[DATA FOR REVIEW Boundary: Start]
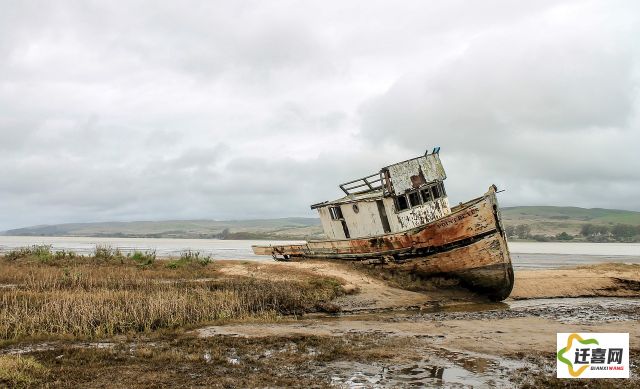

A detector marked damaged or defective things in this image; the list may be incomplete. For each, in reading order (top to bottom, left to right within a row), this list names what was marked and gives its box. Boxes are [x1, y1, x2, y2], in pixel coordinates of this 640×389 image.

rusty hull [251, 185, 516, 300]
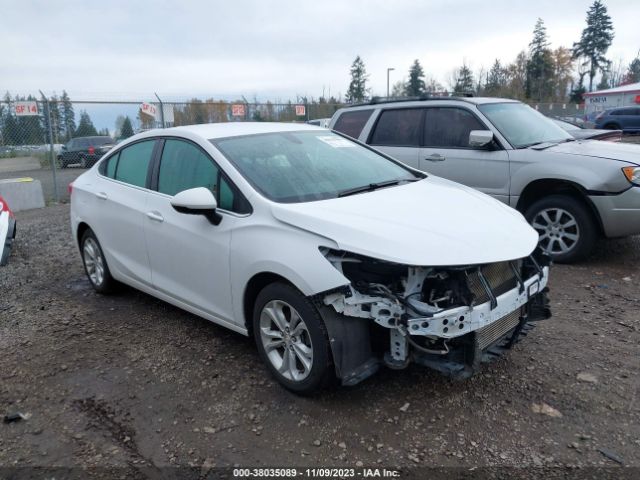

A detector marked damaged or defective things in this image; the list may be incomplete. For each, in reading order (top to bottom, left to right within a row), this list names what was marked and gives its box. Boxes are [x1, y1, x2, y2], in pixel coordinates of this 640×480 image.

damaged front end [316, 248, 552, 386]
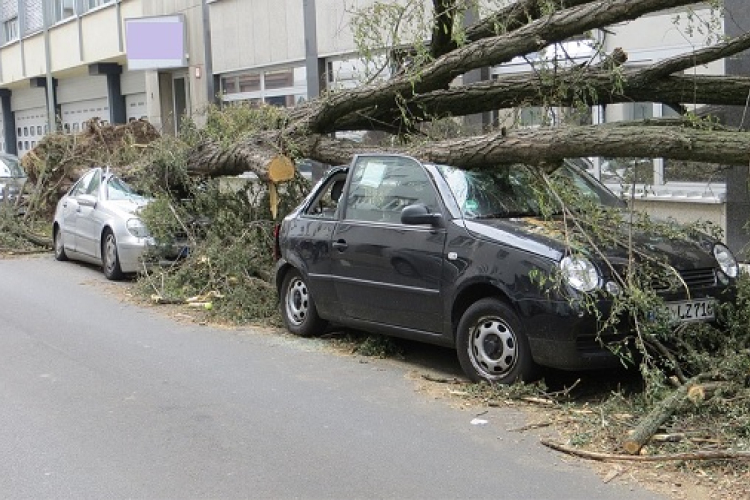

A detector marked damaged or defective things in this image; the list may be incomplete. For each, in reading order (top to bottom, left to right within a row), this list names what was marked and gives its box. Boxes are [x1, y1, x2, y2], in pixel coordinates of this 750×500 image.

damaged vehicle [53, 167, 188, 278]
damaged vehicle [274, 154, 736, 384]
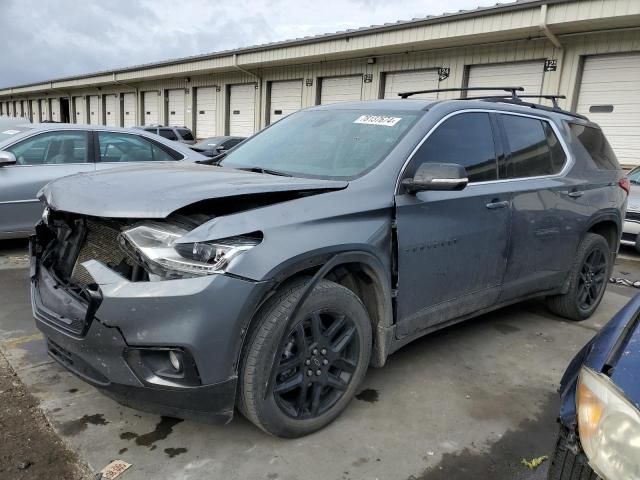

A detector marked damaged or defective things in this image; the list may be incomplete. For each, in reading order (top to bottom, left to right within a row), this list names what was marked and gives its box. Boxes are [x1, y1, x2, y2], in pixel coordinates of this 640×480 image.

crushed front end [30, 208, 270, 422]
damaged bumper [30, 232, 270, 424]
cracked headlight [119, 223, 258, 280]
damaged gray suv [30, 91, 624, 438]
cracked headlight [576, 366, 640, 478]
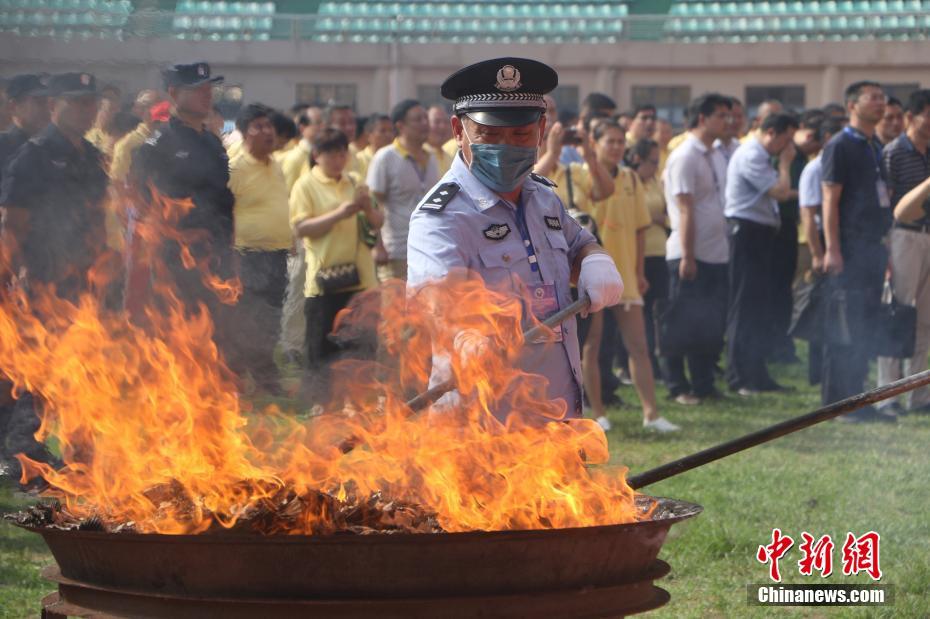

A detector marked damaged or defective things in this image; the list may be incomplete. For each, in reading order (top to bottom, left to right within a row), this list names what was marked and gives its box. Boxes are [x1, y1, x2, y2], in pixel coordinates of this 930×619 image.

rusty pan rim [12, 496, 696, 544]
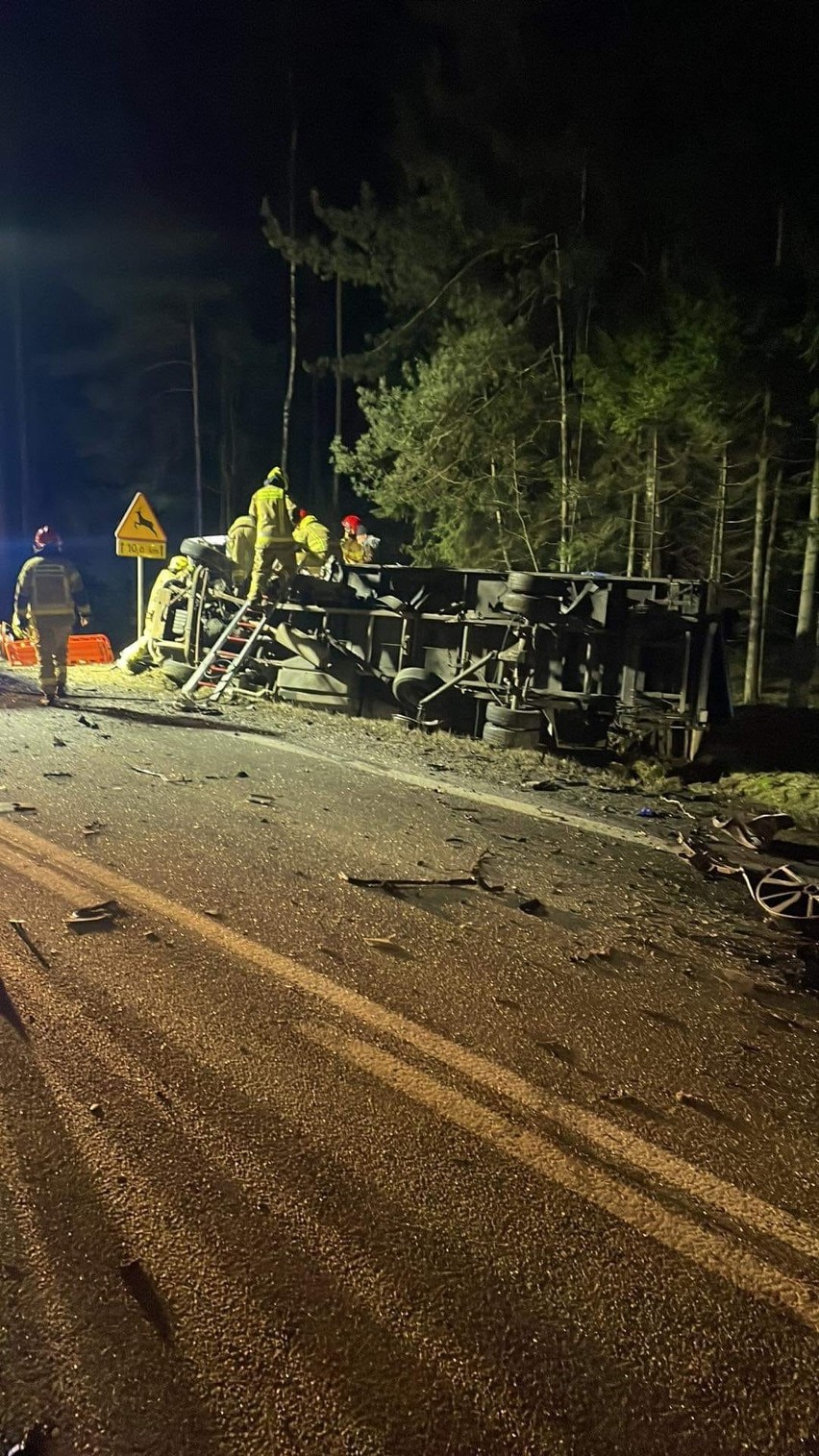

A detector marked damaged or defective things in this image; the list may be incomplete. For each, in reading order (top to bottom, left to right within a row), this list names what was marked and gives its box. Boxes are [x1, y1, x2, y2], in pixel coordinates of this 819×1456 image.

overturned truck [152, 542, 731, 765]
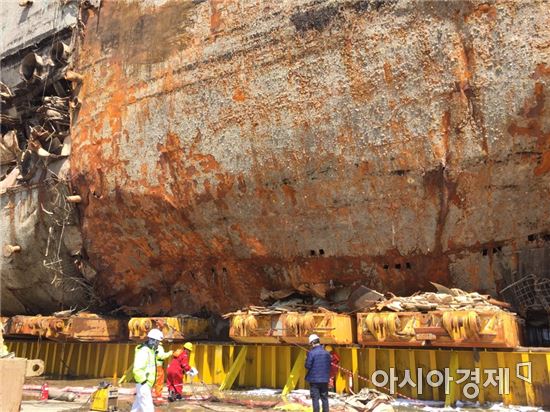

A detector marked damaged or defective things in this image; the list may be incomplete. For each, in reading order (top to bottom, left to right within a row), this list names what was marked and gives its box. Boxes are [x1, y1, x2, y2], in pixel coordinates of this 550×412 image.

rusty ship hull [1, 0, 550, 316]
damaged metal [1, 0, 550, 318]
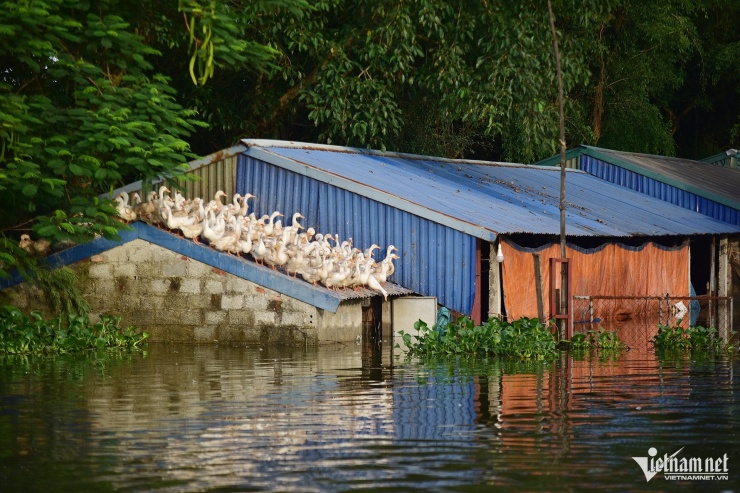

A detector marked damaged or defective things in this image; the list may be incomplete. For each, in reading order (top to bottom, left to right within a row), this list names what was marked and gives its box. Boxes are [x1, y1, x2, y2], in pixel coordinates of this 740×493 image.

rusty roof edge [241, 143, 498, 241]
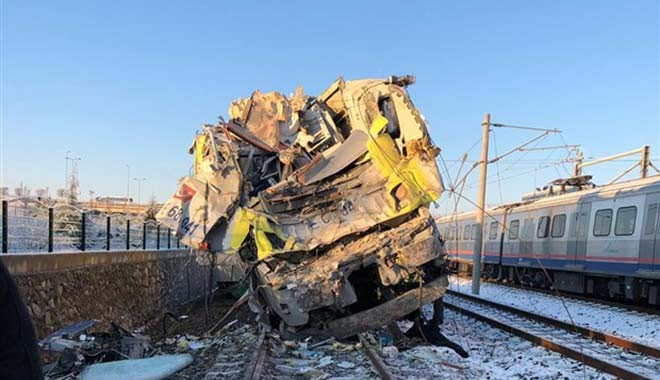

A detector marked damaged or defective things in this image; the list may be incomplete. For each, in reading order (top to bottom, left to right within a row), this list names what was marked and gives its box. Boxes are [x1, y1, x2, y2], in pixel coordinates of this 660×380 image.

wrecked train car [157, 75, 452, 336]
crumpled metal wreckage [157, 75, 452, 342]
rusty metal part [244, 330, 266, 380]
rusty metal part [358, 336, 394, 380]
rusty metal part [446, 294, 656, 380]
rusty metal part [444, 290, 660, 358]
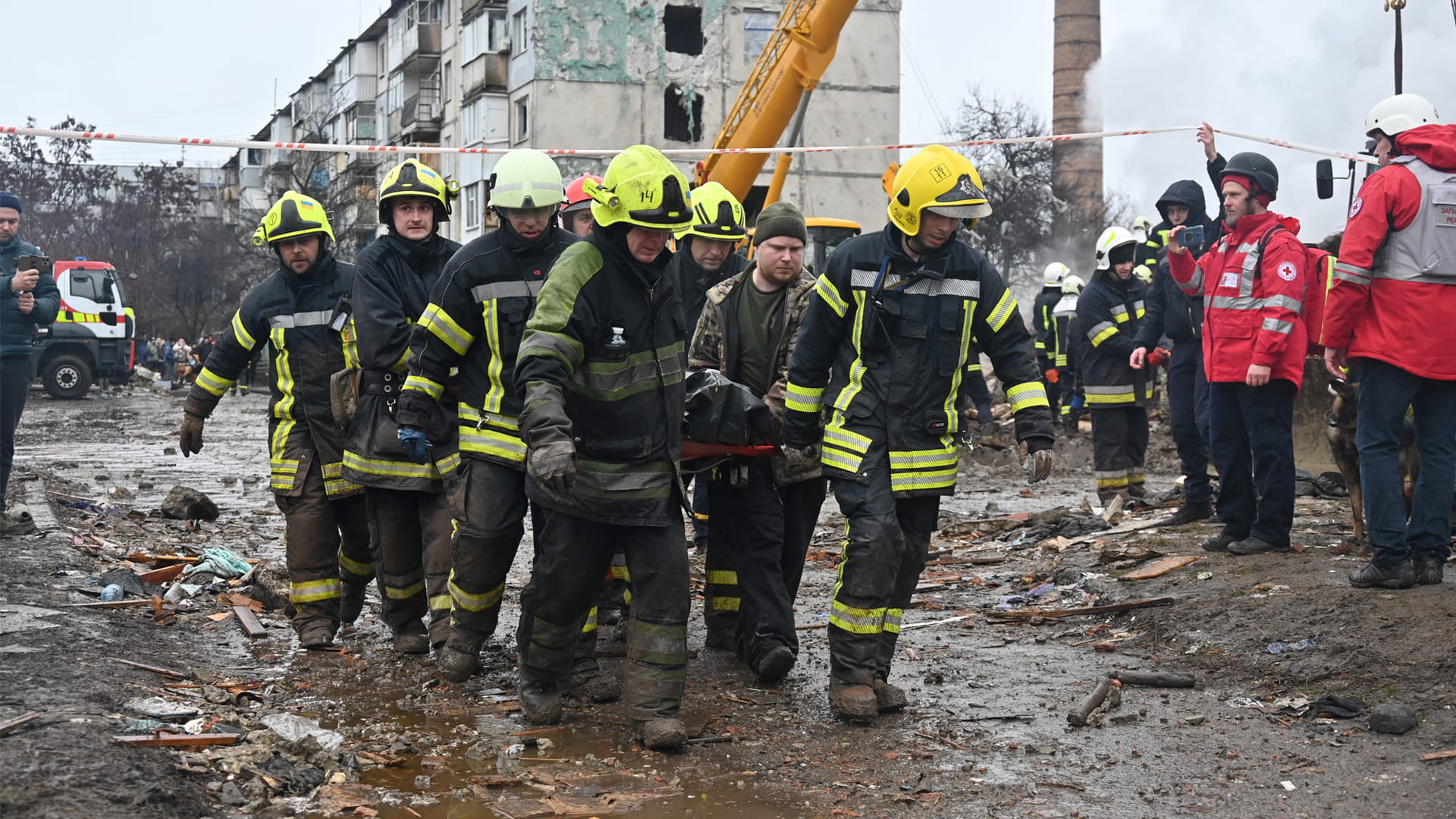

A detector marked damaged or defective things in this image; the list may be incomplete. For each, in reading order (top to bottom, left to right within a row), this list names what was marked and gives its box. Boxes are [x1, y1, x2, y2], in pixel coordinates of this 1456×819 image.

damaged apartment building [224, 0, 898, 253]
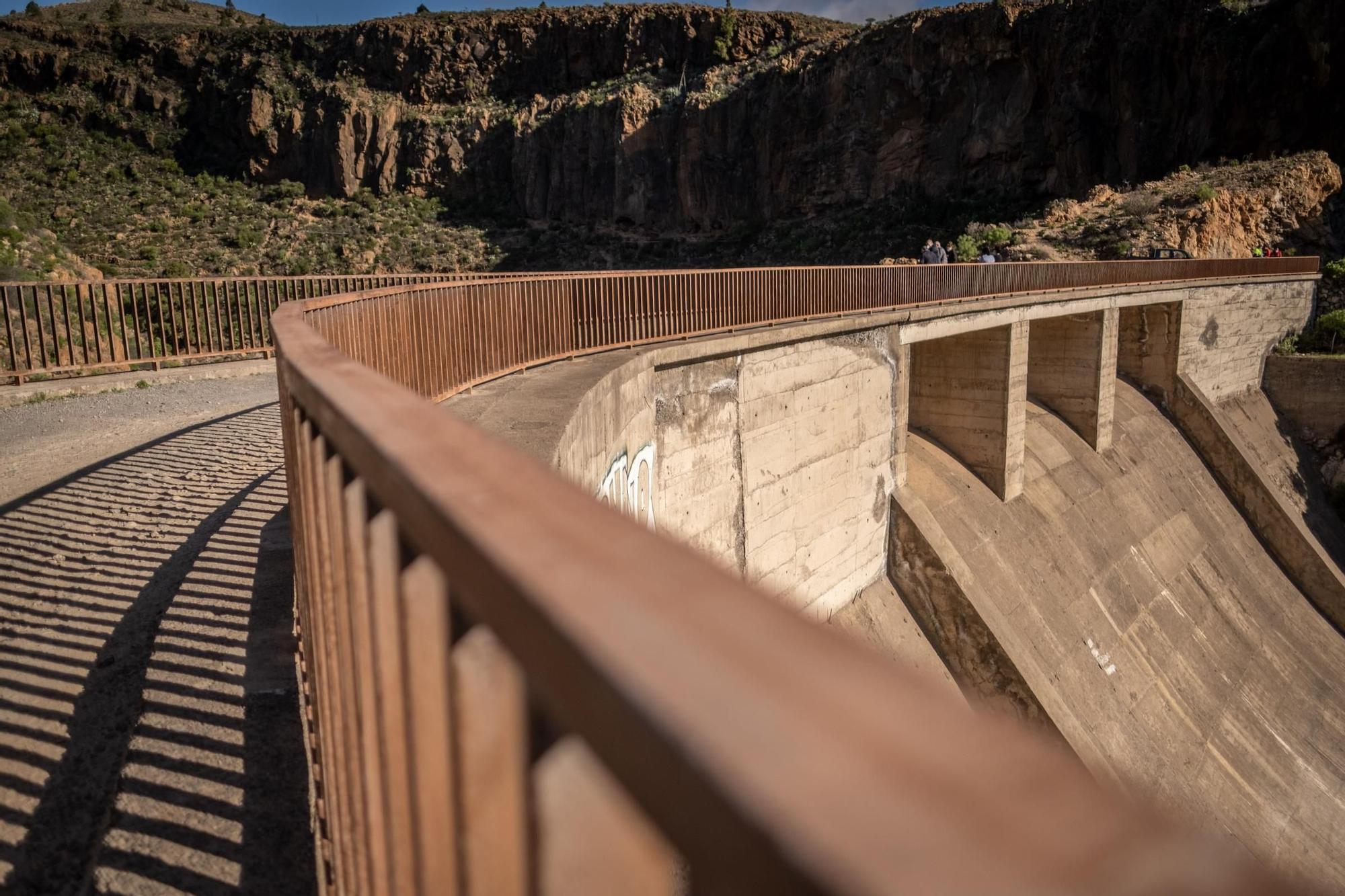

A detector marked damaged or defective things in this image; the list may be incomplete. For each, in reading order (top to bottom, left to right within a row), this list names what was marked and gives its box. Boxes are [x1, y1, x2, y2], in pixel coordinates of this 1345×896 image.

rusty metal railing [0, 274, 511, 387]
rusty metal railing [270, 255, 1313, 893]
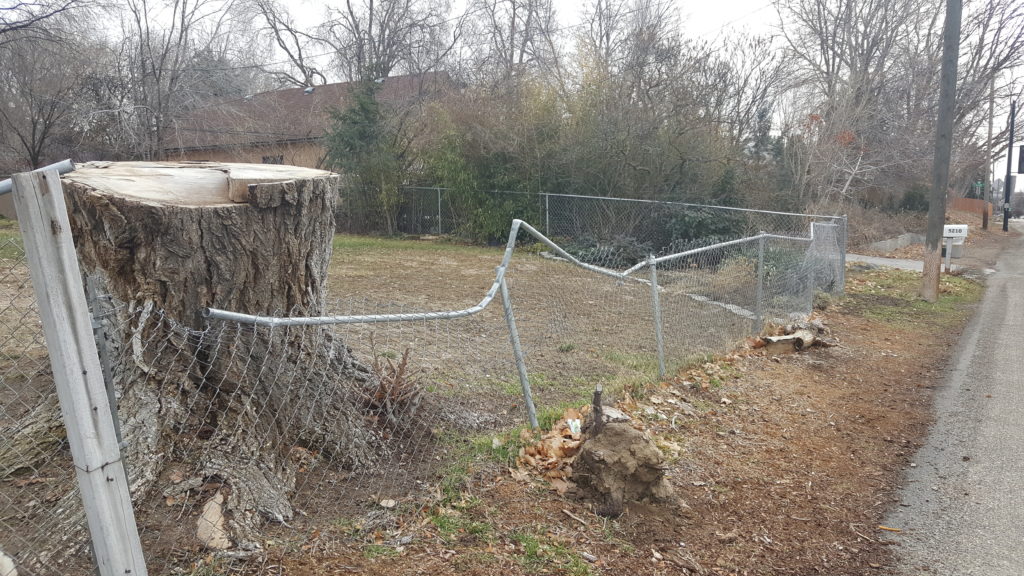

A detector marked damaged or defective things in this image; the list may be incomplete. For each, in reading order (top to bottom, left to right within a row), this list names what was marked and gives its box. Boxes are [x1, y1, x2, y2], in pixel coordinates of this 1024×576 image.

bent chain-link fence [2, 202, 840, 572]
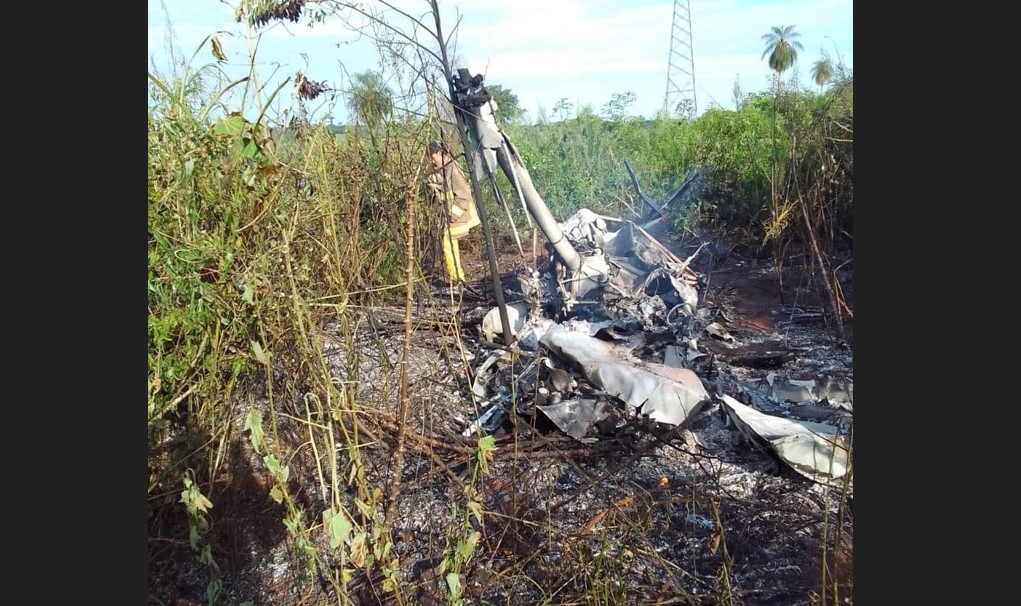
[DATA FOR REVIEW Boundary: End]
TASK INSTRUCTIONS:
Set down all the entries exactly as they appear, but skip any pictures.

FINISHED TASK:
A detector marked damaged or defective things in this image; the list may be incomplete. For each, in reading order (top to bottom, left to right within a row), this list names what was marked and gives its box. Boxes are [x1, y1, x2, y2], in pixel coordinates of this 640×389 image.

rusty hull [251, 185, 516, 300]

A detector marked damaged or defective things in this image; the list may be incomplete. For each, in reading order (top to bottom, left to right within a row), this list names what was marked and gives its box. Boxes are [x1, y1, x2, y2], in pixel coordinates of this 640×480 image.

damaged front end [316, 248, 552, 386]

A detector marked damaged or defective things in this image; the list may be incomplete. For each, in reading order (top to bottom, left to right within a row), this list names what was marked and gives its box. Boxes are [x1, y1, x2, y2], in pixel coordinates of this 750×500 image.

damaged vehicle [53, 167, 188, 278]
damaged vehicle [274, 154, 736, 384]

A detector marked damaged or defective things in this image; the list may be incomplete. For each, in reading order (top to bottom, left to right within a row), this list names what was marked and gives its box. Boxes are [x1, y1, x2, y2], in pixel coordinates of this 640×480 image.

crushed front end [30, 208, 270, 422]
damaged bumper [30, 232, 270, 424]
cracked headlight [119, 223, 258, 280]
damaged gray suv [30, 91, 624, 438]
cracked headlight [576, 366, 640, 478]

A detector marked damaged or defective things in this image; the list may be incomplete. For each, in reading order (top to bottom, left to right within a row), this list names what was marked and gives its box. Boxes are [x1, y1, x2, y2], in pixel coordinates of this 930×619 image.

rusty pan rim [12, 496, 696, 544]

A detector marked damaged or defective things in this image; the list may be incomplete. For each, in reading order (top to bottom, left to right within a row), this list names what was marked and gives its box. Boxes are [x1, y1, x2, y2], in pixel coordinates of this 819×1456 image.

overturned truck [152, 542, 731, 765]

A detector marked damaged or defective things in this image; the list may be incomplete. For each, in reading order (top to bottom, left to right within a row), this list names what was marked and gives its box. Boxes are [x1, y1, x2, y2], in pixel coordinates of this 550×412 image.

rusty ship hull [1, 0, 550, 316]
damaged metal [1, 0, 550, 318]

A detector marked damaged or defective things in this image; the list may be incomplete. For each, in reading order (top to bottom, left to right within a row), this list names what was marked and gives its box. Boxes are [x1, y1, x2, y2], in pixel coordinates of this 740×493 image.

rusty roof edge [241, 143, 498, 241]

A detector marked damaged or defective things in this image; the list may be incomplete. For each, in reading order (top to bottom, left to right within a row), this list names what was marked and gives its box. Boxes are [x1, y1, x2, y2], in pixel coordinates of this 660×380 image.

wrecked train car [157, 75, 452, 336]
crumpled metal wreckage [157, 75, 452, 342]
rusty metal part [244, 330, 266, 380]
rusty metal part [358, 336, 394, 380]
rusty metal part [446, 294, 656, 380]
rusty metal part [444, 290, 660, 358]

A detector marked damaged or defective things in this image; the list may be incomplete. For each, in reading order (top to bottom, left to right within a row), this list names what was marked and gives its box. Boxes are [x1, y1, x2, y2], in pixel coordinates of this 1456×819 image.

damaged apartment building [224, 0, 898, 253]

A detector marked damaged or defective things in this image; the list may be incomplete. For each, in reading order (top to bottom, left to right within a row), this list names what was marked and gives its box. Boxes are [x1, y1, x2, y2], in pixel coordinates of this 1345×896 image.

rusty metal railing [0, 274, 511, 387]
rusty metal railing [270, 255, 1313, 893]

A detector marked damaged or defective things in this image; the list may be incomplete. For each, in reading order (top to bottom, left to right within a row), this list names what was marked and gives its box. Boxes are [x1, y1, x2, y2], in pixel coordinates of this 1024×576 image.

bent chain-link fence [2, 202, 840, 572]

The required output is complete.